Aldi 7 Euro - paßt mir besser als Giro-Helme für weit mehr als 100 Tacken und sind auch extrem leicht


----------



## MTB-News.de




----------



## Da_Biker_Matze (13. Februar 2007)

@ ALPHA-CENTAURI: Hey !Was fährst du denn ? also Freeride,DH,XC,...?!

Grüße Matze


----------



## CC-Wölfchen (13. Februar 2007)

Ich fahre seit 3 Jahren einen Met Anaxagore2 für 69Eus und bin super zufrieden. Paßt so gut wie kein Anderer zu meinem Kopf, ist leicht und sehr gut belüftet.

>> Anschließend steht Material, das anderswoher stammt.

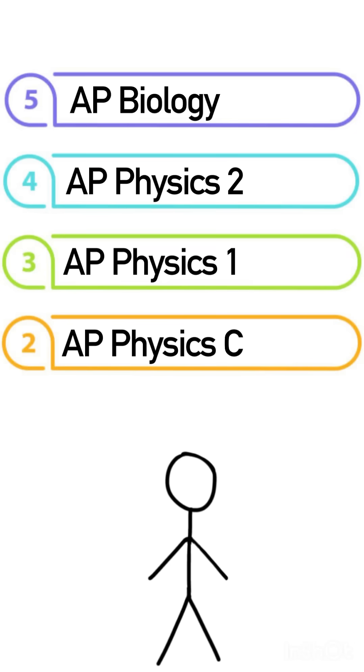It's challenging due to the required understanding of motion, force, energy, or E&M fields and circuits. Many students consider this to be the hardest AP class.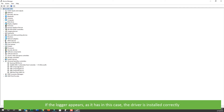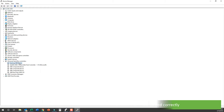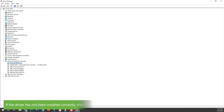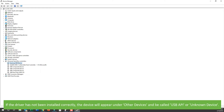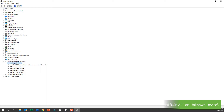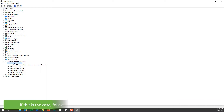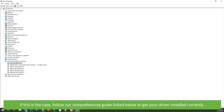If the logger appears and is named 'EasyLog USB Device', that means the driver is installed correctly. If the driver had not been installed correctly, it will appear under 'Other Devices' and the USB data logger would be called 'USB API' or even 'Unknown Device'. If this is the case, follow our comprehensive guide linked below to get your driver installed correctly.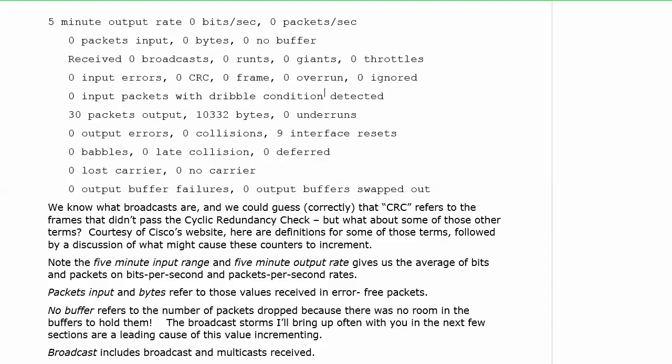A term we're going to come back to again and again in the switching section, and it's a good idea to watch this one again after you go through the switching videos, broadcast storms. This is a situation where broadcasts slowly or not so slowly build up in your Layer 2 network, and they build up to the point where your switch can't do its work. Well, it can't do its switching, really, because it's just handling all these broadcast packets and the buffers are filled, and it's just, frankly, a real mess.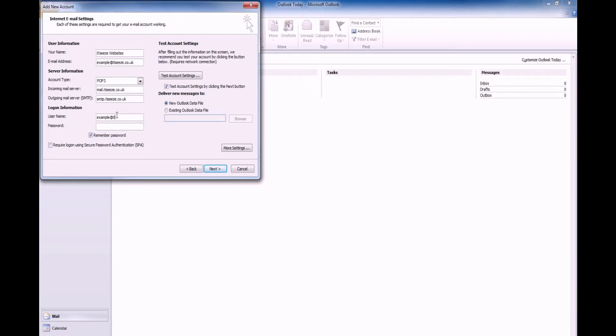Change your username to your full email address including your domain name, and enter the password for your email account.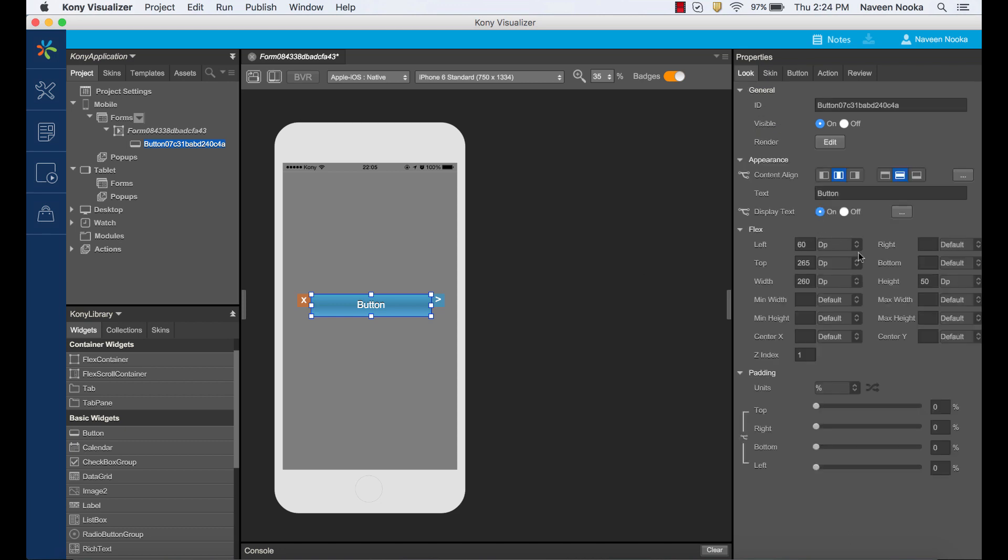We can use DP or device-independent pixels, percentage or absolute pixels to position our widget. We'll cover all of these different properties in a later tutorial.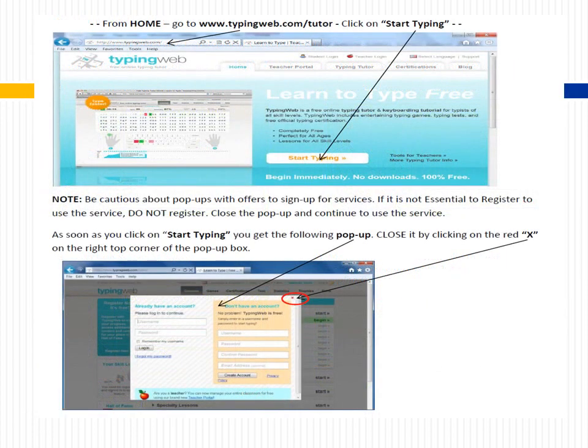From home, go to Typingweb.com/tutor and click on Start Typing. Note: be cautious about pop-ups with offers to sign up for services. If it is not essential to register to use the service, do not register — close the pop-up and continue. As soon as you click on Start Typing, a pop-up will appear; close it by clicking the red X in the top right corner of the pop-up box.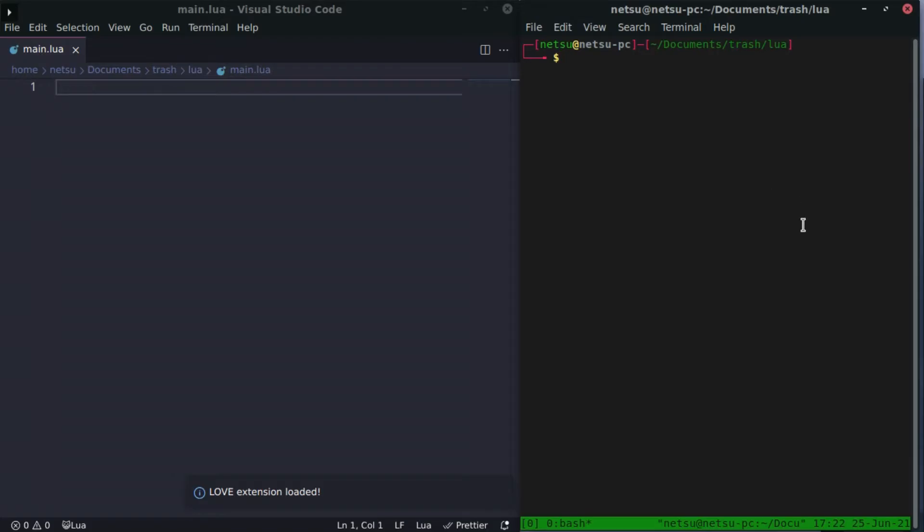Hello everyone, welcome back to your Lua tutorial. Today we will be discussing tables in Lua.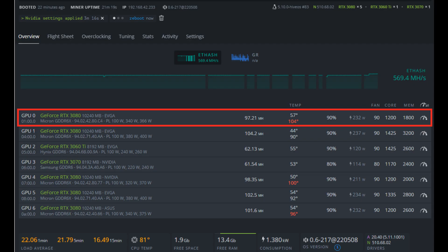Alright, so highlighted in red you can see the card we're going to be putting the shims on. 104 degrees Celsius memory temperature and 57 on the core, and that's with a modest overclock. Obviously I can't push this much higher right now with these temperatures, so let's fix that.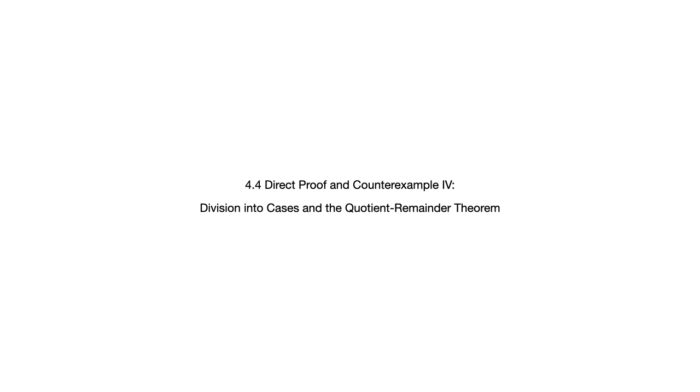Let's take a look at section 4.4, direct proof and counterexample 4, division into cases and the quotient remainder theorem.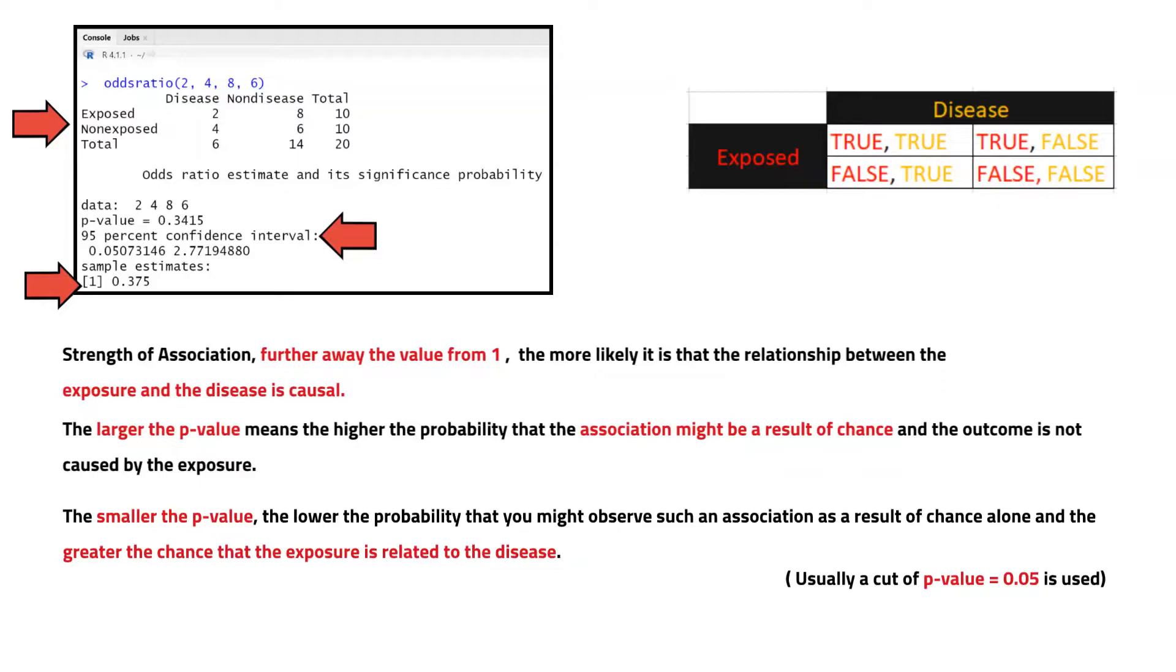The magnitude of the odds ratio is called the strength of the association. The further away an odds ratio is from 1, the more likely it is that the relationship between the exposure and the disease is causal.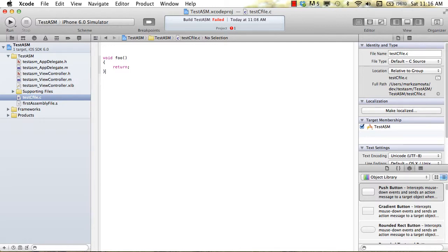Hi, this is Mark Zamueta. I want to continue this series on using Xcode to write assembly language.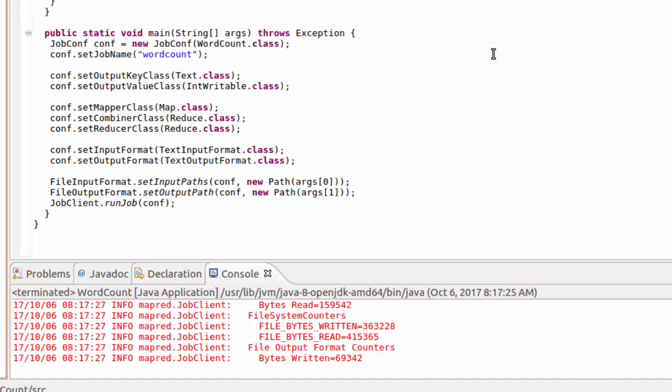Once we launch our class, if you go down to the console window, you'll actually see it kind of go crazy. What we want to take a look at is to see that there's no errors.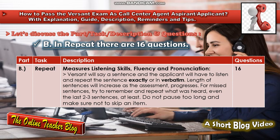In Part B, Repeat, there are 16 questions. Repeat measures listening skills, fluency and pronunciation. Versant will say a sentence and the applicant will have to listen and repeat the sentence exactly, verbatim. The length of sentences will increase as the assessment progresses.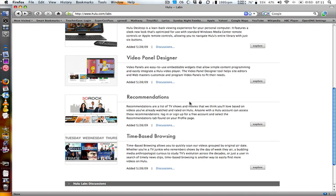They also announced time-based browsing, which allows you to quickly scan their videos by original air date. So if you're looking for something that just came out, or maybe you missed everything from last week while on vacation, you can go back to a specific week or air date and check out all the TV shows you missed.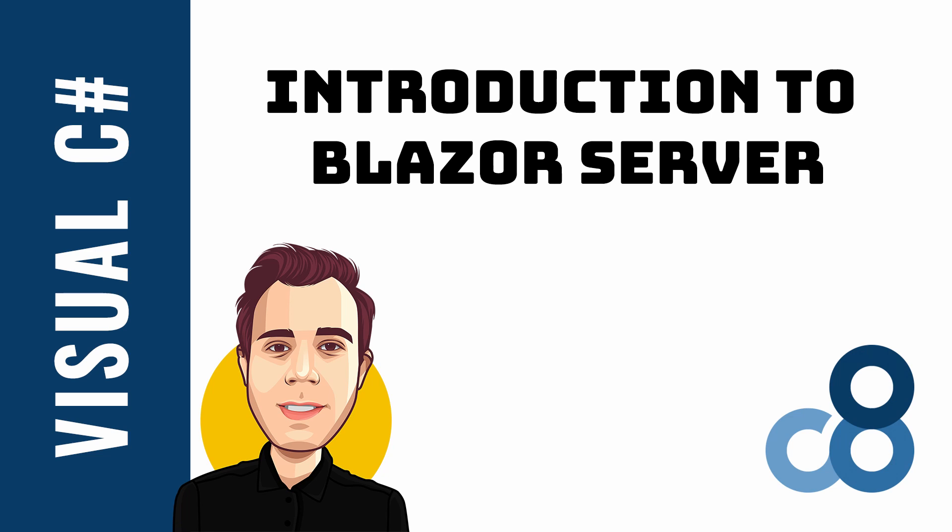Let's take a first look at Blazor Server. We want to learn about what Blazor Server is and how a Blazor Server application appears in the browser. We create our first project, learn about the fundamentals and the architecture of Blazor Server apps.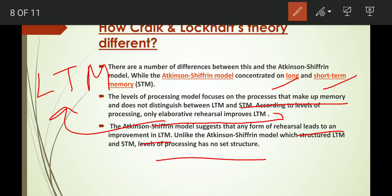Atkinson and Shiffrin had a very structured model with sensory register, short-term memory, and long-term memory as storage stages. But Craig and Lockhart's theory has no set structure — they had no proper structure for these memories.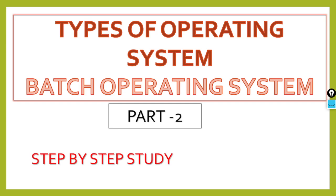Hello and welcome back. Today we are going to discuss our topic, that is types of operating system. We have already discussed how many types of operating systems there are. Today we are going to read about batch operating system.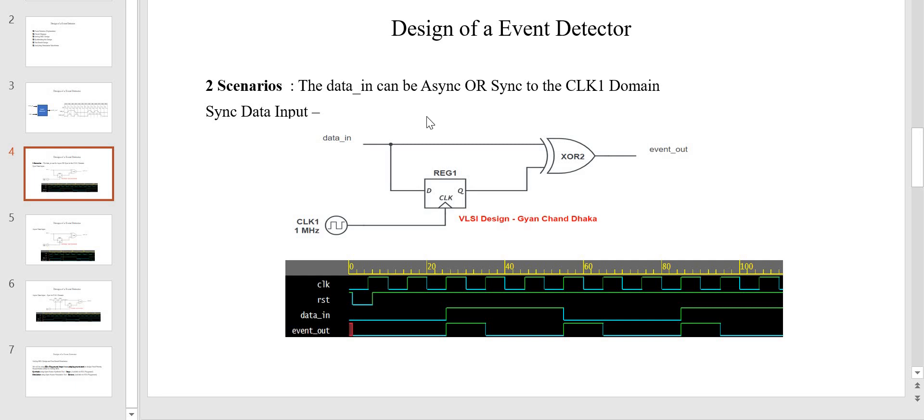Hi friends, welcome back. In the previous video on design of an event detector, we went through the circuit design of an event detector for two scenarios: where the data input to the event detector was asynchronous to its clock domain, or it was synchronous to its clock domain. Now in this video, we are going to write the HDL code for both scenarios and synthesize and simulate the design. Let's get started.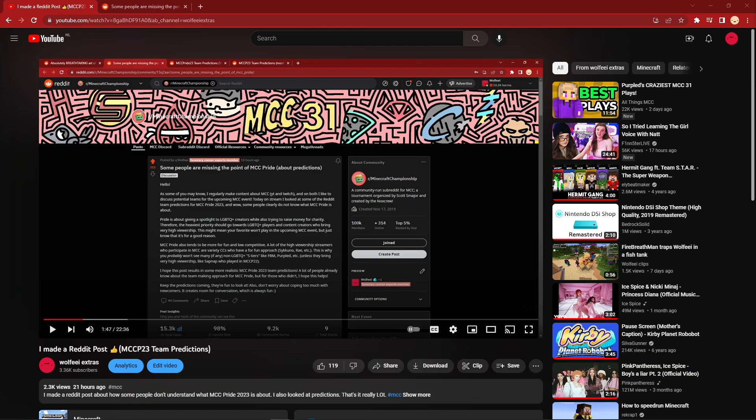Anyways, I made a post yesterday, or I think two days ago, either way, I made a video about it yesterday, going over MCC Pride and how a lot of predictions have been inaccurate, to say the least, because they were missing the mark on team making. Now I, thinking I knew what I was talking about, made a Reddit post about it.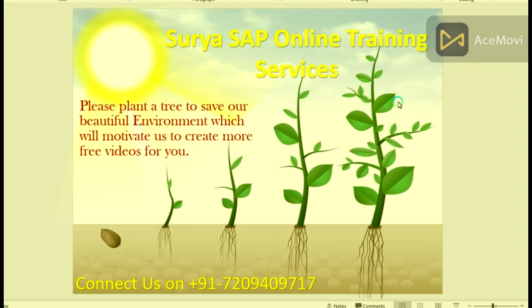Thank you guys for watching this video. If you really like this video, then please plant a tree, not only to support our channel but also to save our beautiful environment, which in turn will motivate us to create more free videos for you. Thank you, have a nice day ahead.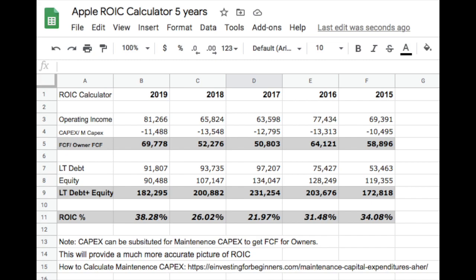In most cases, I like to see ROIC above 10% at a minimum, and either constantly growing or staying stagnant over a 5 to 10 year period.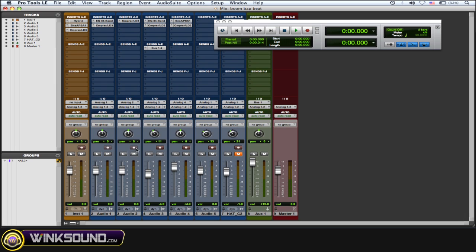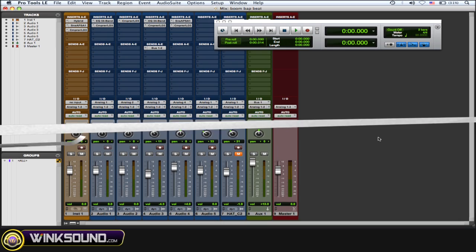This comes in handy if you've already recorded something on that track and you're very happy with it, and you just want to make sure that you don't accidentally arm that track for recording and then record over that previous take.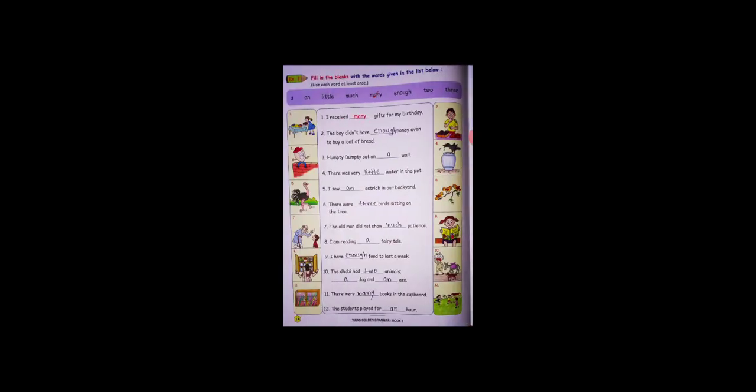Second exercise is there: fill in the blanks with the words given in the list below. Already I done that also, you just write down in your workbook. I received many gifts from my friends for my birthday. The boy didn't have enough money even to buy a loaf of bread. Humpty Dumpty sat on a wall. There was very little water in the pot.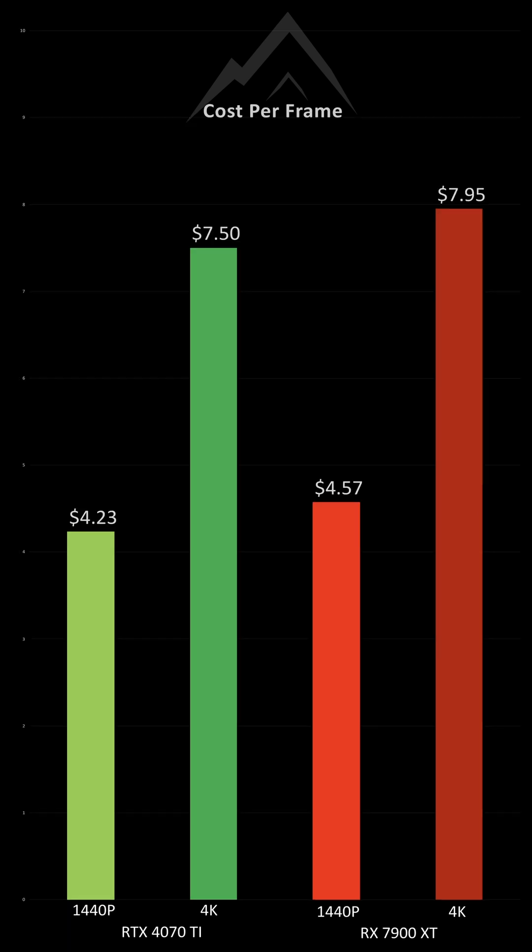However, in pure rasterization performance with an announced MSRP of $799, on the surface it looks like the Nvidia card is the better bang for the buck.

Was soll diese Umfrage aber bezwecken? Allein am Preis kann man schlecht ausmachen welcher Helm der beste ist. Wichtiger ist daß er paßt und auch optisch gefällt.


----------



## Mrs. Whitey (13. Februar 2007)

Hab meinen in Italien gekauft und das war kurz vor Saison ende..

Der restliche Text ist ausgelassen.